_Your assignment_:
Below are records with pictures. Reproduce exactly the lines from the line with "Tobacco Leaf Stock Illustrations" to the line with "Elefante de 49", inclusive, and leave each picture out.

_Material provided_:
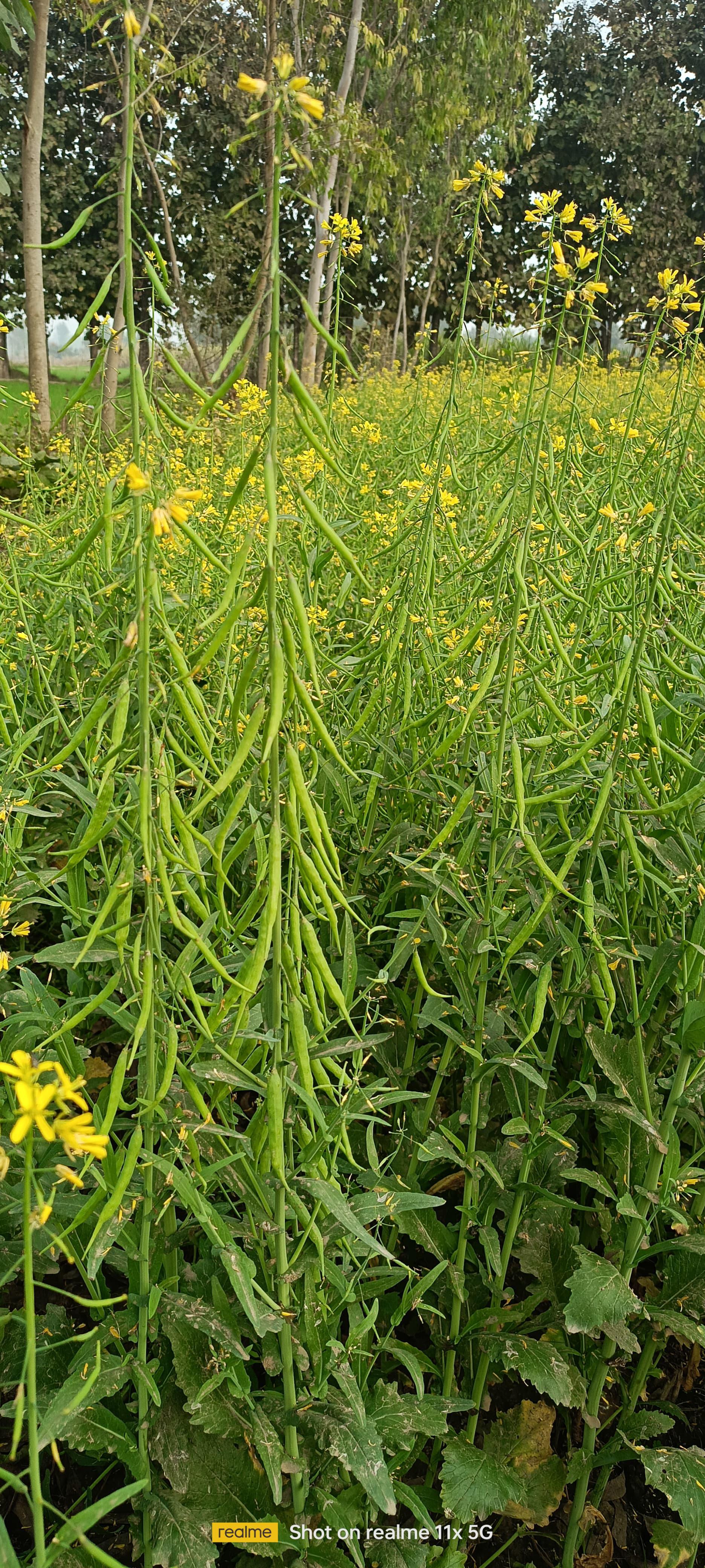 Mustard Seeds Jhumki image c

---

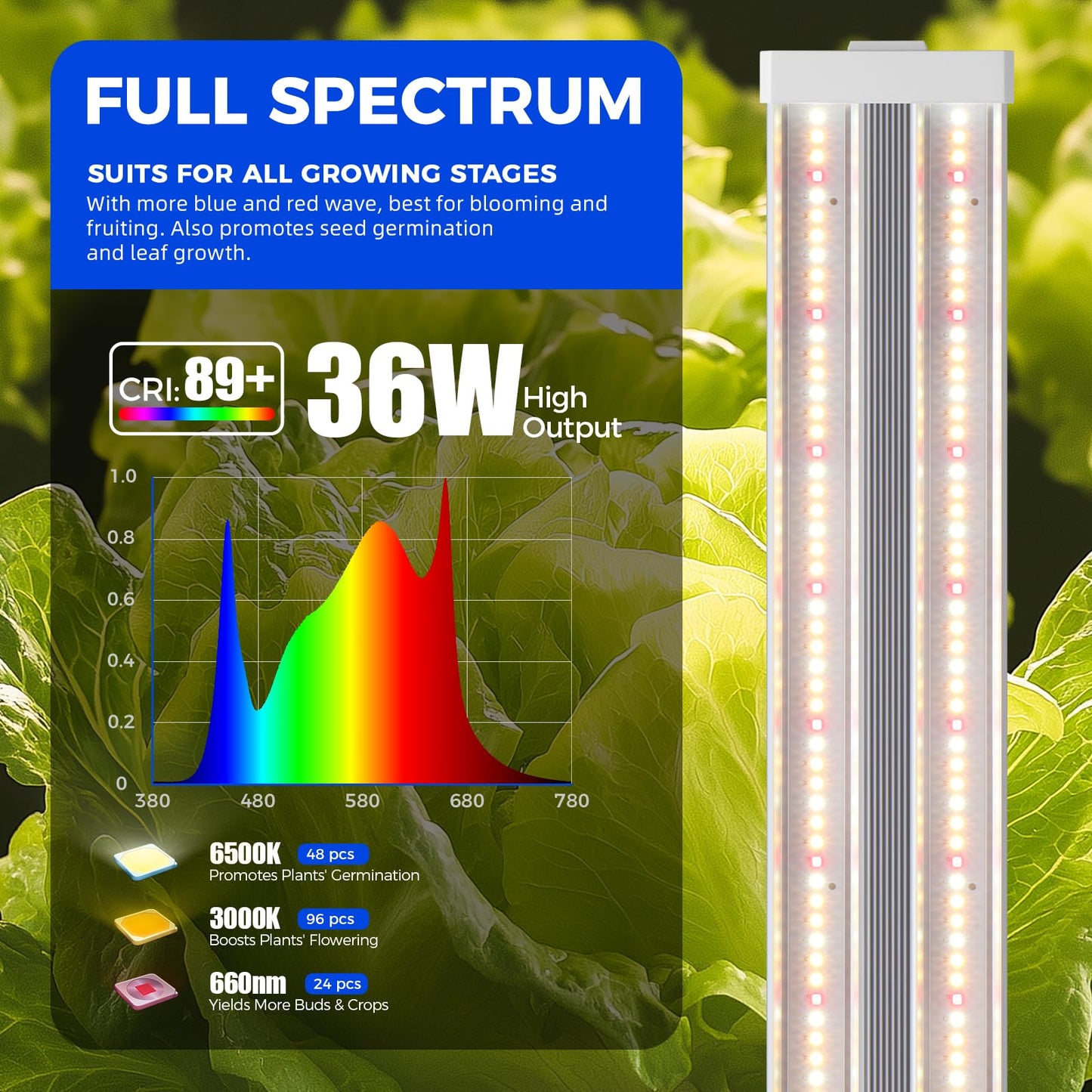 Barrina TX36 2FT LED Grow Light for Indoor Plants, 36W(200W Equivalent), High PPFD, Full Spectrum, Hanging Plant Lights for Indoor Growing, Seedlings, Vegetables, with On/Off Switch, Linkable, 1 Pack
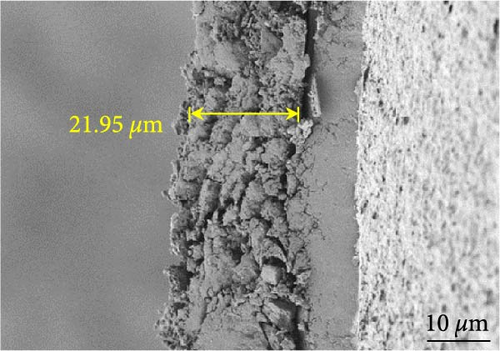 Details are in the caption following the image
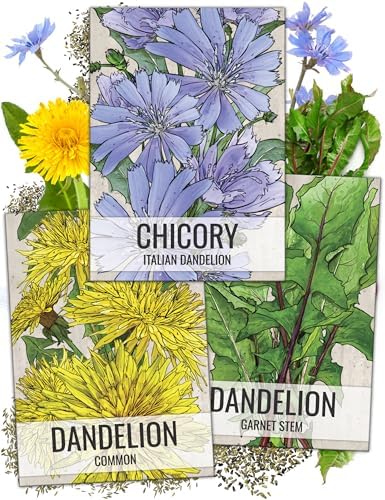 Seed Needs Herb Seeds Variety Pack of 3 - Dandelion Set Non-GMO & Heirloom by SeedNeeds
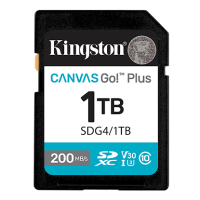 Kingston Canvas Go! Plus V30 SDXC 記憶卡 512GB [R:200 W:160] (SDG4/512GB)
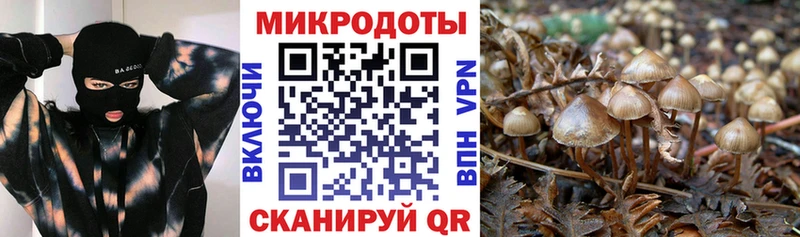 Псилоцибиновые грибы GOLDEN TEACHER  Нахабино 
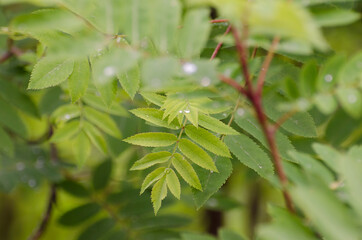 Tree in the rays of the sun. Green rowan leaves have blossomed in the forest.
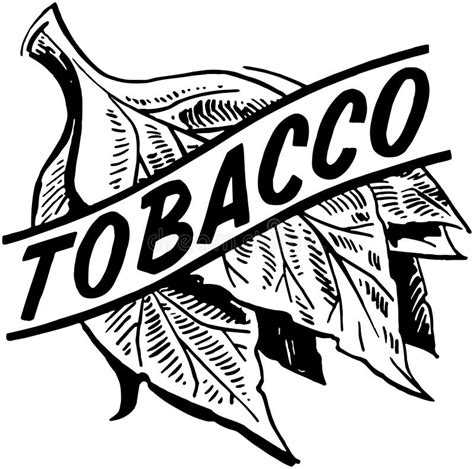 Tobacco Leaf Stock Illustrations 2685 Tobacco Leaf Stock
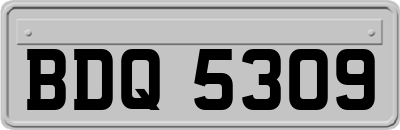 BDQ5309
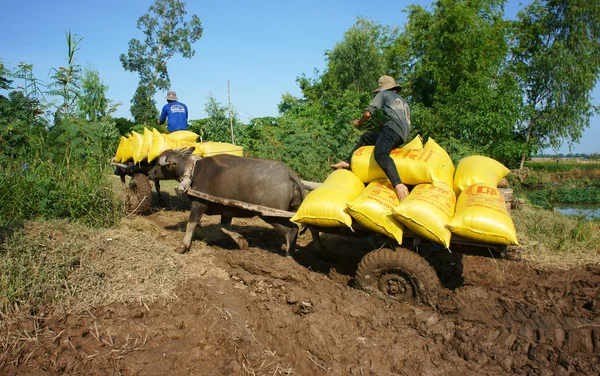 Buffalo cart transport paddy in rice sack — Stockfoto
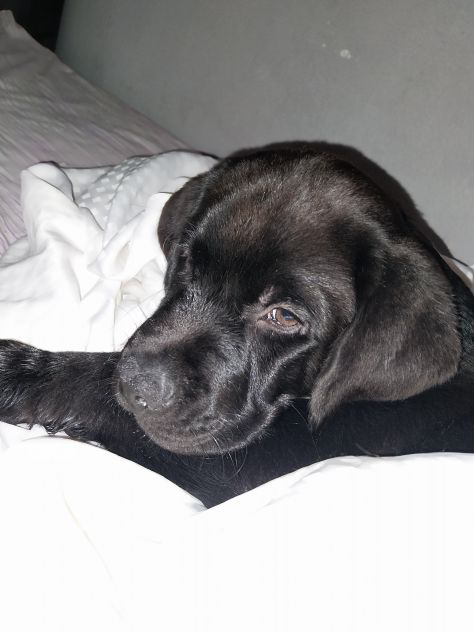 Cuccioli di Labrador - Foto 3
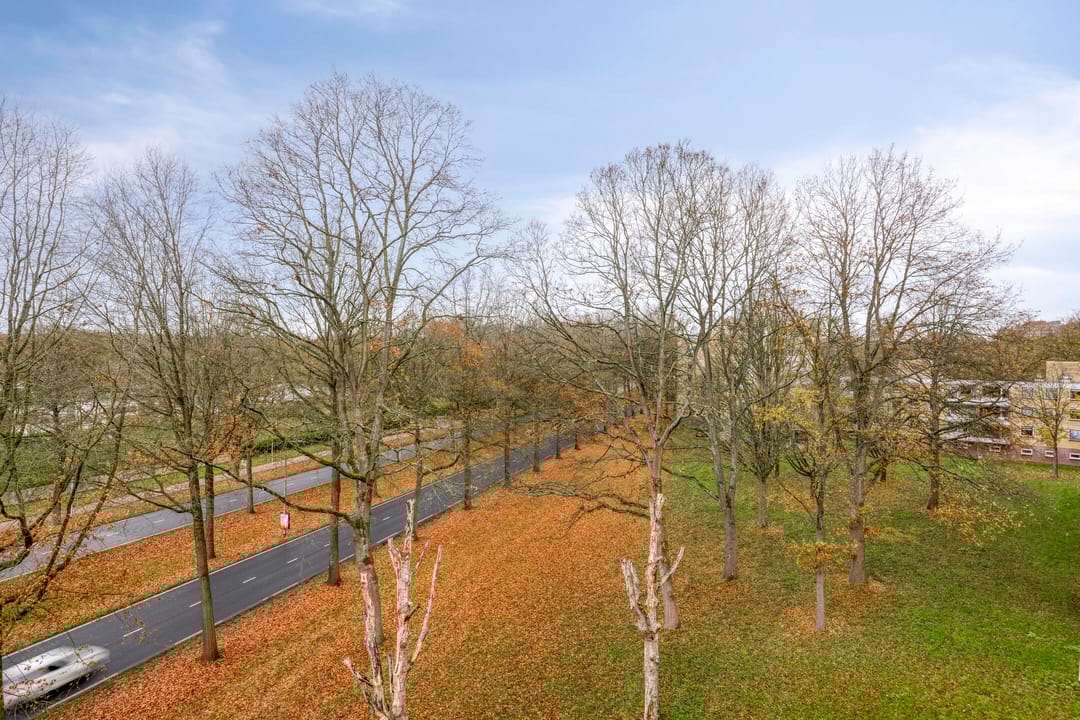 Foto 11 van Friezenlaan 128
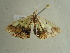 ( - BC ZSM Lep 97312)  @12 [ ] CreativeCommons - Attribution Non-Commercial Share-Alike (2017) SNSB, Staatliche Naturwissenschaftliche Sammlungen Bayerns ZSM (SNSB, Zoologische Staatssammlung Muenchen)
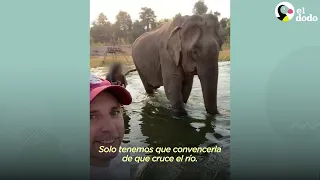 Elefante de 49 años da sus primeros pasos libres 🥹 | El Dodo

_Written answer_:
 Tobacco Leaf Stock Illustrations 2685 Tobacco Leaf Stock
 BDQ5309
 Buffalo cart transport paddy in rice sack — Stockfoto
 Cuccioli di Labrador - Foto 3
 Foto 11 van Friezenlaan 128
 ( - BC ZSM Lep 97312)  @12 [ ] CreativeCommons - Attribution Non-Commercial Share-Alike (2017) SNSB, Staatliche Naturwissenschaftliche Sammlungen Bayerns ZSM (SNSB, Zoologische Staatssammlung Muenchen)
 Elefante de 49 años da sus primeros pasos libres 🥹 | El Dodo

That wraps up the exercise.